Transporting autophagosomes containing engulfed damaged organelles and aggregated proteins from distal axons, where they are continuously generated, to the soma, where mature acidic lysosomes are mainly located, is challenging [8]. Studies have provided evidence suggesting that the movement of autophagosomes is largely blocked by the dynein motor inhibitor [18], and the retrograde transport of the autophagosome-containing Aβ oligomers in axons is closely associated with dynein [8]. Dynein intermediate chain (DIC), a key part of the dynein complex, plays a role in cargo binding and is involved in retrograde transport of cargo specificity, which is important for the combination of autophagosomes and lysosomes. Interactions of DIC and dynactin complex can modulate the movement of dynein. Further, DIC may also directly interact with protein cargos, such as huntingtin, casein kinase II, and β-catenin [19]. In previous studies, it has been demonstrated that DIC is required for the retrograde transport of vesicular cargos along microtubules and is beneficial for aggregated proteins being transported to juxtanuclear positions for autophagic clearance [20, 21]. In our study, we found that sevoflurane could suppress DIC expression. KIF3B, a member of kinesin superfamily, can bind to KIF3A and kinesin superfamily-associated protein 3 (KAP3) to form a complex, which demonstrates plus end-directed microtubule-sliding activity and is a key factor for the maturation of autophagosomes in vitro [22]. From our results, we found that sevoflurane can elevate the level of KIF3B protein. These findings indicate that sevoflurane is beneficial to the anterograde transport in axons for promoting the maturation of autophagosomes, while it is deficient in retrograde transport in axons to suppress the integration of autolysosomes. Of course, regulation of axonal transport occurs at multiple levels including modulation of the microtubule track, cargo-specific adaptors, and scaffolding proteins that coordinate cargo-bound motors. Therefore, more factors should be considered in our next study.

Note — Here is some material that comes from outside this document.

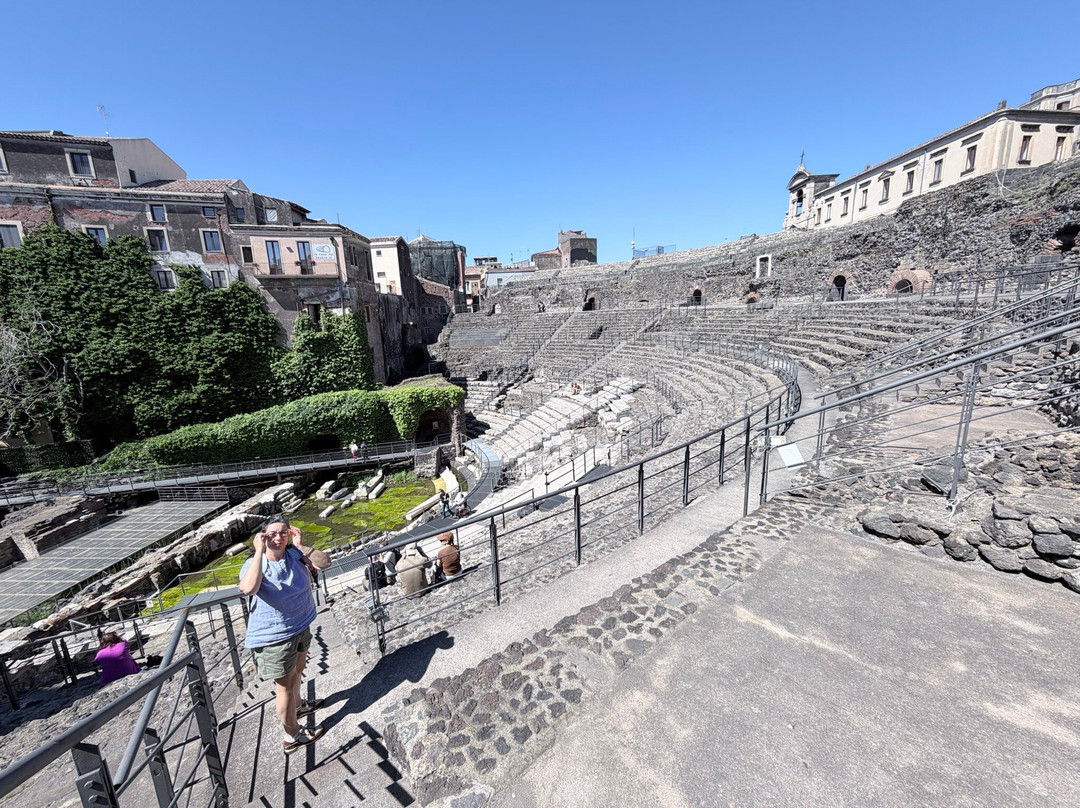 Parco Archeologico Greco Romano di Catania-卡塔尼亚必去景点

In conclusion, our study provided evidence suggesting that sevoflurane impairs spatial learning and memory in APP/PS1 mice and elevates the apoptosis rates of hippocampal neurons by increasing the activation of autophagy while blocking autophagic flux. The mechanism may be related to the damage of retrograde axonal transport of autophagosomes. Thus, our findings may provide novel ideas and therapeutic targets for AD. However, the process of axonal transport of autophagosomes is complex and many factors are involved, such as the transport of proteins, RNA, and organelles over long distances require molecular motors that operate along the cellular cytoskeleton. Further research is required to find the reason for deficit of axonal transport.